Gruki Saskia Kerraelas Byanka Valkas Hector
 
There was no use hiding her pain now, not when her palms were angry burns that brought tears to her eyes. The pain made her whimper, nodding furiously at Byanka's offer. Pained tears painted silver down her reddened cheeks, a result of using all her strength and will to extract the hex. Something so arcane and complex proved challenge to the Shadowed Knight, but she had excelled.

Saskia saw Hector fall to his knees too, drained, but in the same position as herself. All that casting, all that might on keeping their magicks going to aide the...


"No... help him." She could stomach the searing pain for a few moments longer.

The creature, now receding into the make of a man, writhing and convulsing as unnatural change was undone. The man was older, weakened immensely by the hex he had harbored for a mere few minutes, but enough to leech at his life. He was not the picture of health, closely resembling a corpse now that the interior came to rest.

"Medic!" She called out, amber eyes staring at her ruined hands. Behind her, a swirling orb of shadows contained the hex. The onyx stone at the heart of the shadows, seemingly darker than the dusker's magick encasing it.

Byanka Valkas Hector Gruki Kaarle
 
Byanka was just starting to weave peace to ease Saskia's pain when her fellow dusker shook her head. Byanka paused, lifting her hand from Saskia's shoulder and turning to the man on the ground.

She moved a little closer, slowly extending her left hand. He looked on the verge of death, and pain was etched across his features in hard lines. Byanka's hand came to rest on the side of his head, which was damp with sweat and blood and loch knew what other fluids.

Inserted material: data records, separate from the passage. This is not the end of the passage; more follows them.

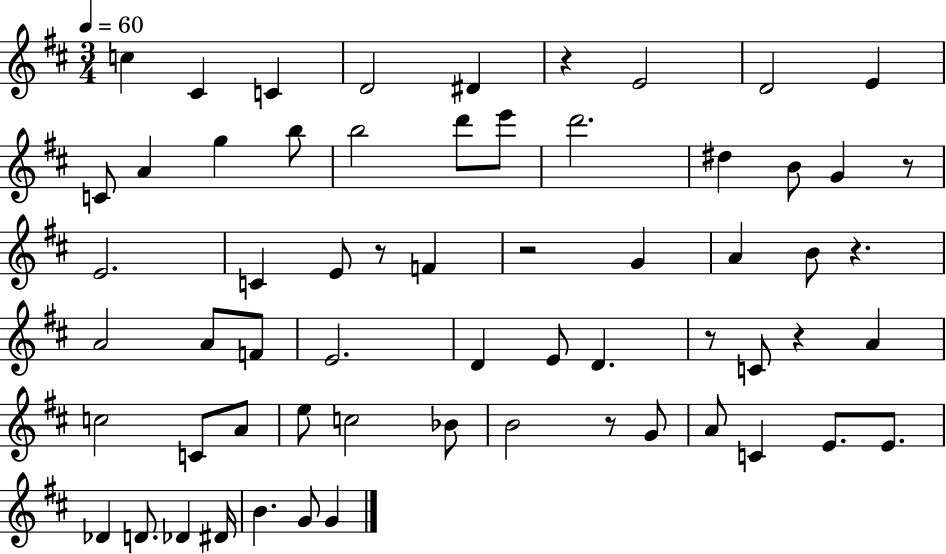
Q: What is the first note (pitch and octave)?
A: C5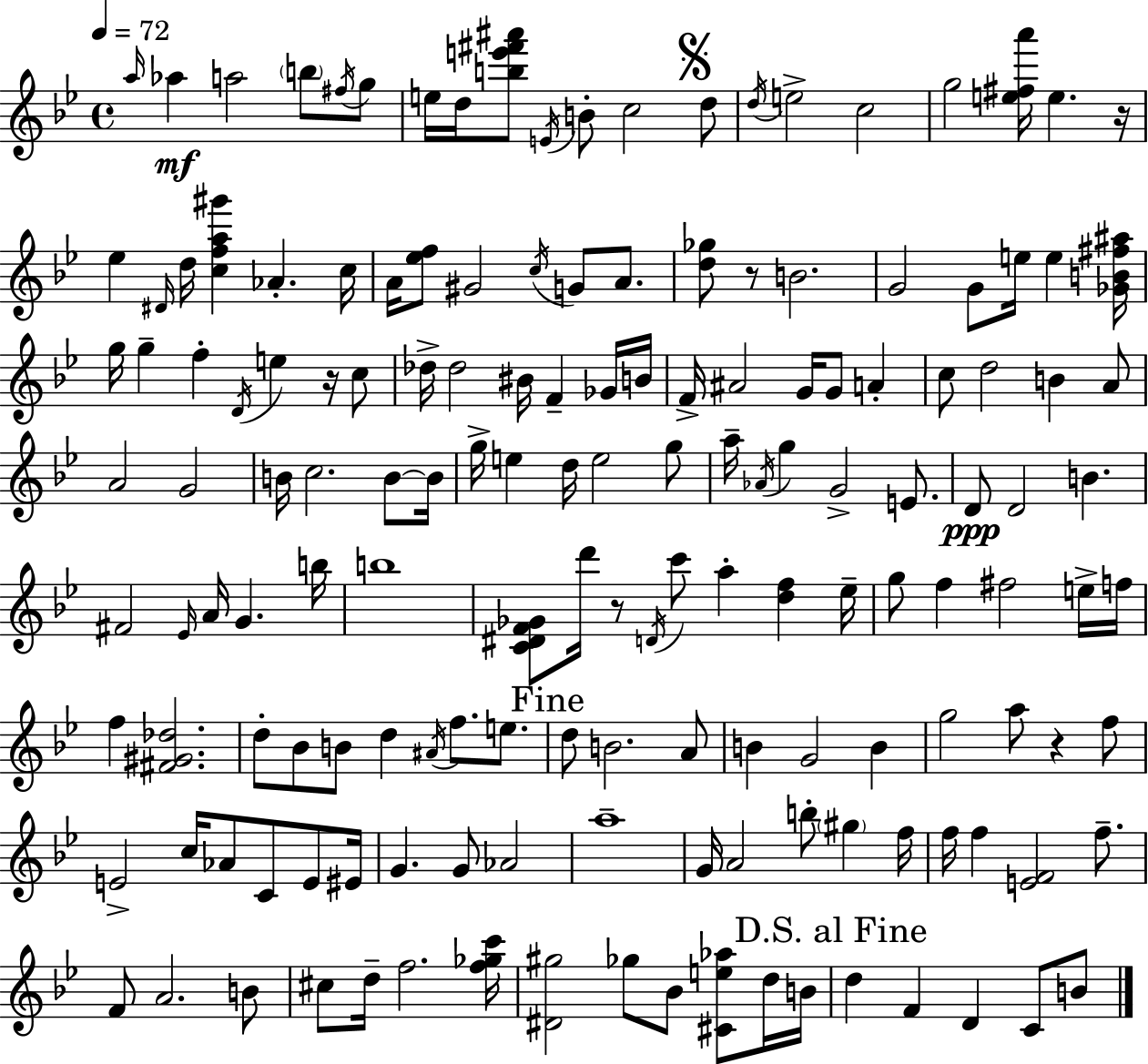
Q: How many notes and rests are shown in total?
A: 156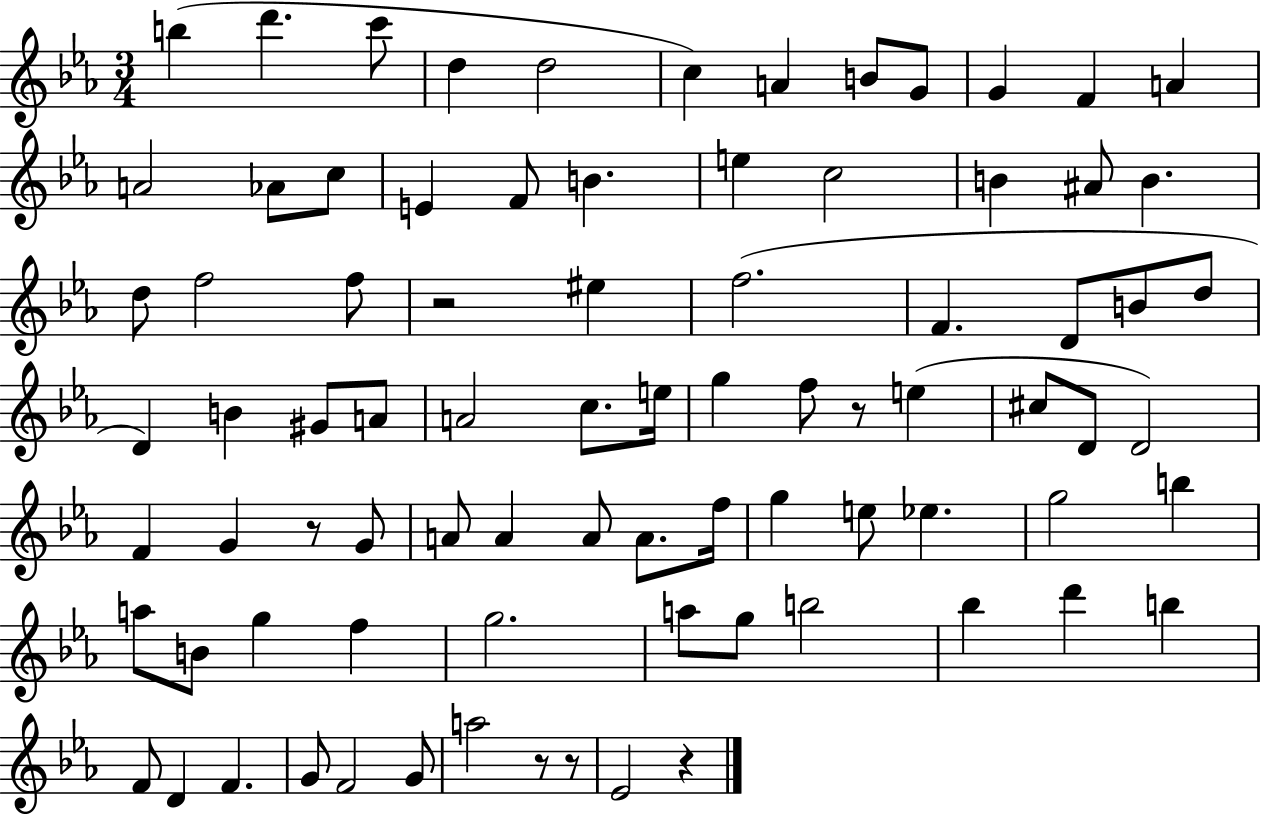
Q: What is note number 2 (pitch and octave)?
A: D6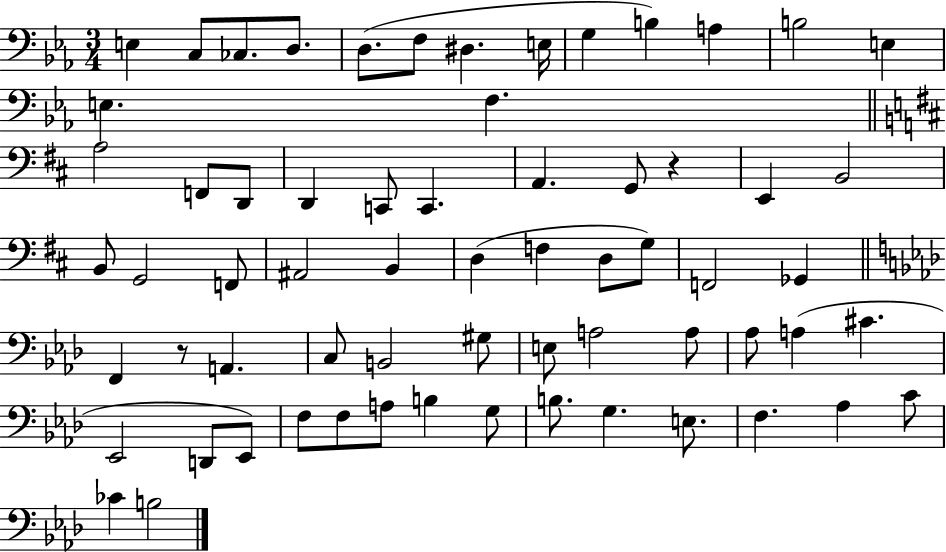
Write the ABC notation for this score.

X:1
T:Untitled
M:3/4
L:1/4
K:Eb
E, C,/2 _C,/2 D,/2 D,/2 F,/2 ^D, E,/4 G, B, A, B,2 E, E, F, A,2 F,,/2 D,,/2 D,, C,,/2 C,, A,, G,,/2 z E,, B,,2 B,,/2 G,,2 F,,/2 ^A,,2 B,, D, F, D,/2 G,/2 F,,2 _G,, F,, z/2 A,, C,/2 B,,2 ^G,/2 E,/2 A,2 A,/2 _A,/2 A, ^C _E,,2 D,,/2 _E,,/2 F,/2 F,/2 A,/2 B, G,/2 B,/2 G, E,/2 F, _A, C/2 _C B,2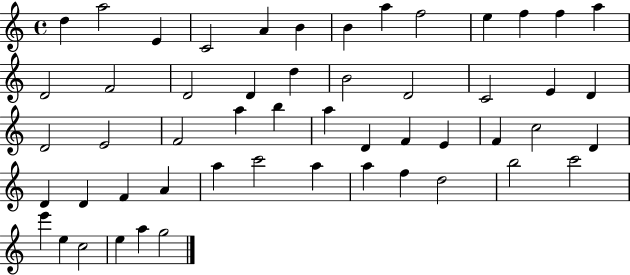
X:1
T:Untitled
M:4/4
L:1/4
K:C
d a2 E C2 A B B a f2 e f f a D2 F2 D2 D d B2 D2 C2 E D D2 E2 F2 a b a D F E F c2 D D D F A a c'2 a a f d2 b2 c'2 e' e c2 e a g2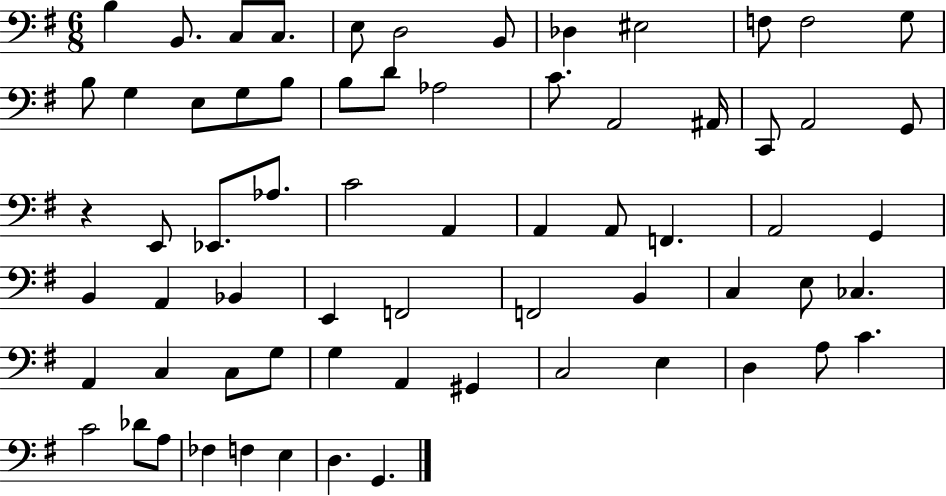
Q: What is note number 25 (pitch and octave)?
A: A2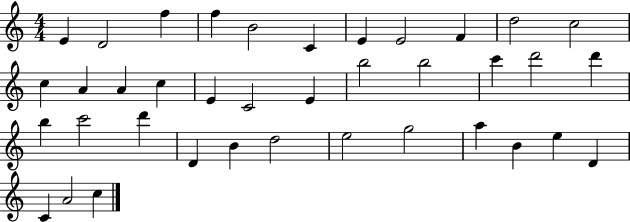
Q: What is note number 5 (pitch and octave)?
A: B4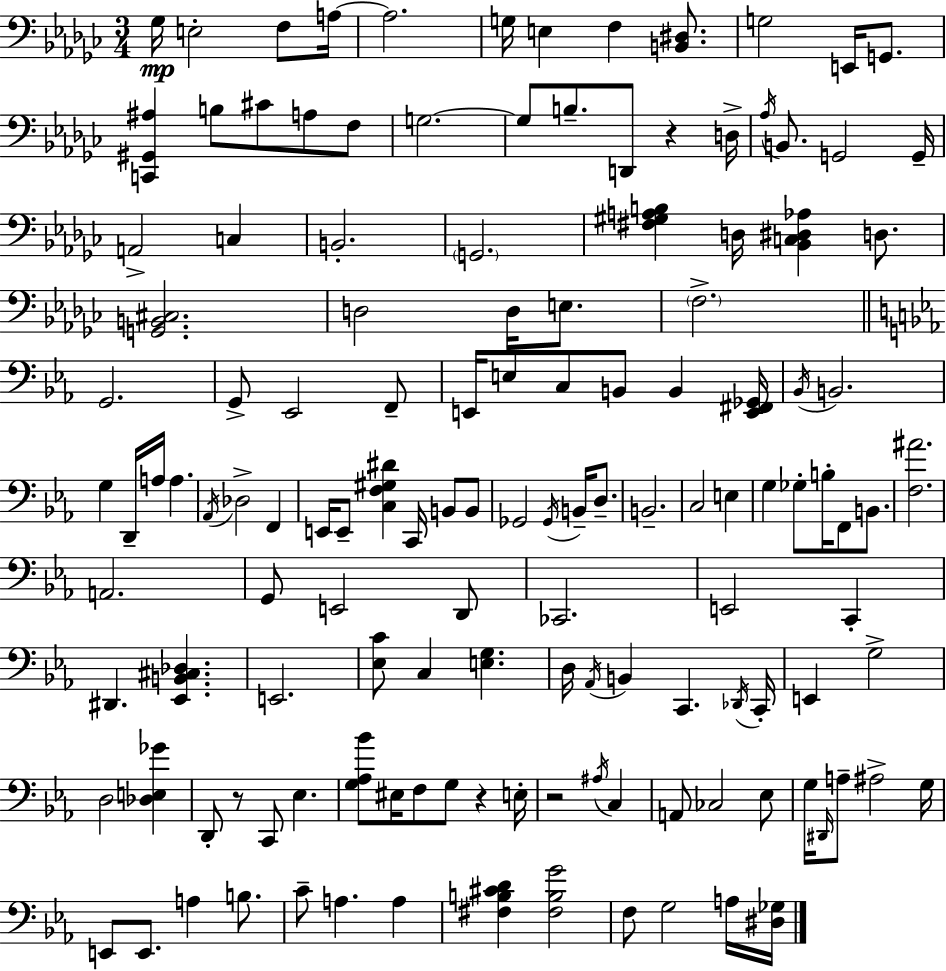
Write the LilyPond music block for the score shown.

{
  \clef bass
  \numericTimeSignature
  \time 3/4
  \key ees \minor
  \repeat volta 2 { ges16\mp e2-. f8 a16~~ | a2. | g16 e4 f4 <b, dis>8. | g2 e,16 g,8. | \break <c, gis, ais>4 b8 cis'8 a8 f8 | g2.~~ | g8 b8.-- d,8 r4 d16-> | \acciaccatura { aes16 } b,8. g,2 | \break g,16-- a,2-> c4 | b,2.-. | \parenthesize g,2. | <fis gis a b>4 d16 <bes, c dis aes>4 d8. | \break <g, b, cis>2. | d2 d16 e8. | \parenthesize f2.-> | \bar "||" \break \key c \minor g,2. | g,8-> ees,2 f,8-- | e,16 e8 c8 b,8 b,4 <e, fis, ges,>16 | \acciaccatura { bes,16 } b,2. | \break g4 d,16-- a16 a4. | \acciaccatura { aes,16 } des2-> f,4 | e,16 e,8-- <c f gis dis'>4 c,16 b,8 | b,8 ges,2 \acciaccatura { ges,16 } b,16-- | \break d8.-- b,2.-- | c2 e4 | g4 ges8-. b16-. f,8 | b,8. <f ais'>2. | \break a,2. | g,8 e,2 | d,8 ces,2. | e,2 c,4-. | \break dis,4. <ees, b, cis des>4. | e,2. | <ees c'>8 c4 <e g>4. | d16 \acciaccatura { aes,16 } b,4 c,4. | \break \acciaccatura { des,16 } c,16-. e,4 g2-> | d2 | <des e ges'>4 d,8-. r8 c,8 ees4. | <g aes bes'>8 eis16 f8 g8 | \break r4 e16-. r2 | \acciaccatura { ais16 } c4 a,8 ces2 | ees8 g16 \grace { dis,16 } a8-- ais2-> | g16 e,8 e,8. | \break a4 b8. c'8-- a4. | a4 <fis b cis' d'>4 <fis b g'>2 | f8 g2 | a16 <dis ges>16 } \bar "|."
}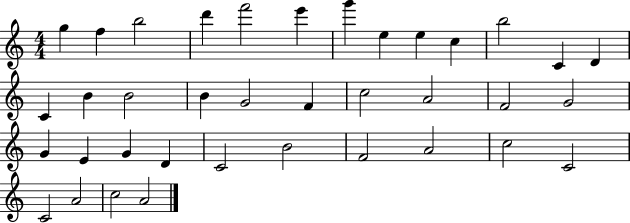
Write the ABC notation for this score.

X:1
T:Untitled
M:4/4
L:1/4
K:C
g f b2 d' f'2 e' g' e e c b2 C D C B B2 B G2 F c2 A2 F2 G2 G E G D C2 B2 F2 A2 c2 C2 C2 A2 c2 A2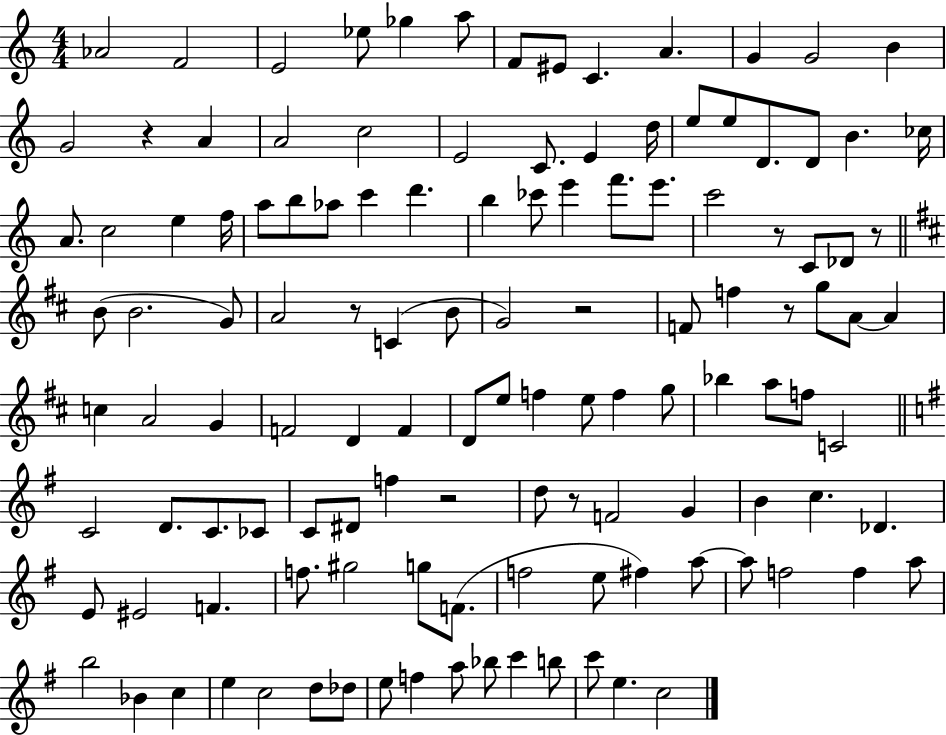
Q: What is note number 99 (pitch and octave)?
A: F5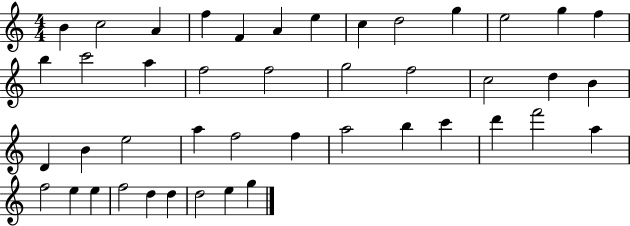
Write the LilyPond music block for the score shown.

{
  \clef treble
  \numericTimeSignature
  \time 4/4
  \key c \major
  b'4 c''2 a'4 | f''4 f'4 a'4 e''4 | c''4 d''2 g''4 | e''2 g''4 f''4 | \break b''4 c'''2 a''4 | f''2 f''2 | g''2 f''2 | c''2 d''4 b'4 | \break d'4 b'4 e''2 | a''4 f''2 f''4 | a''2 b''4 c'''4 | d'''4 f'''2 a''4 | \break f''2 e''4 e''4 | f''2 d''4 d''4 | d''2 e''4 g''4 | \bar "|."
}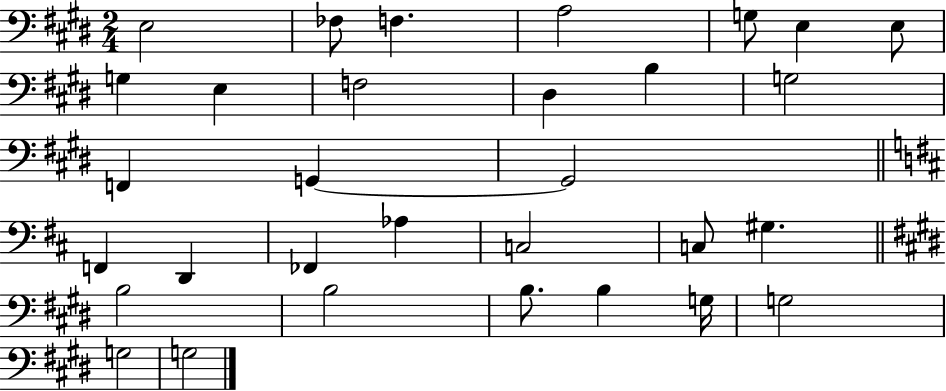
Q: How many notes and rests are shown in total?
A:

She let her eyes drift shut as his pain become clearer, more real to her. She retrieved the beginnings of the spell she had started to weave for Saskia, and finished it with her hand on the man's head.

He would not live.

Though the hex had been drawn from him, it had taken with it too much of his life essence, and he was barely holding on. Pain was the only thing he knew. Until Byanka's magic took effect.

His movements stilled, and the lines in his face eased out. His breathing slowed until it stopped competely, and there was something like a faint smile on his face in death.

Byanka sat back on her heels, withdrawing her hand and cradling it in front of her chest. The beginnings of a headache taunted her but the loch still lingered, a strange aura of peace about the little shack.

Saskia Kerraelas Gruki Kaarle Hector
 
'I... don't quite know myself, in all honesty.' Desperate times called for desperate measures, and Syr Hector's magicks were nothing if not potent. 'I just... didn't want to die,' she explained, brushing a loose lock of hair from her eyes. 'I really didn't want to die.' Shivering at the memory, Gruki let her blade hang low in her fist.

What had she been thinking, in that brief moment between life and death? Was it of her brother's face? Her mother's?

A figure appeared from the dark. His face swathed in shadow, Syr Hoffren was nothing like her brother; big, bald, he bore a nasty scar that ran from the top of his forehead to the cleft of his chin. How he had earned such a wound was a mystery. But he looked tough. Real tough.

When he asked after the rest of his brethren, Gruki answered.

'Inside, syr, dealing with the last of the blight-cursed.' I hope it's the last one, anyway. She had witnessed enough bloodshed for one night. 'Syr Kaarle thought it best to-' There was a yell from inside the hut. Frozen in place, Gruki turned to her knights for orders.

'Don't just stand there, girl!' Hoffren barked, his scarred features drawn tight. 'Inside! Now!'

'Right! Right...' Running over to the hut, her head pounding, Gruki stomped up the steps and through the ruined doorway. For a moment, she thought she had made a mistake, rushing in. But then it dawned on her that it was standard operating procedure to neutralise the threat before calling for aid. Which was what had happened here, apparently.

'Syrs! What-' Her voice died in her throat. Taking in the scene, Gruki blinked, readjusted. Byanka was over by one victim, tending to his needs. It was Gruki's job to tend to her knights.

'Ancestor's breath, what happened to your hands?!' She asked Saskia as she took a knee by her side, swinging her medical satchel around for ease of access. Tincture, bandages, disinfect the wound and bind. She ran through the steps Syr Josai had taught her.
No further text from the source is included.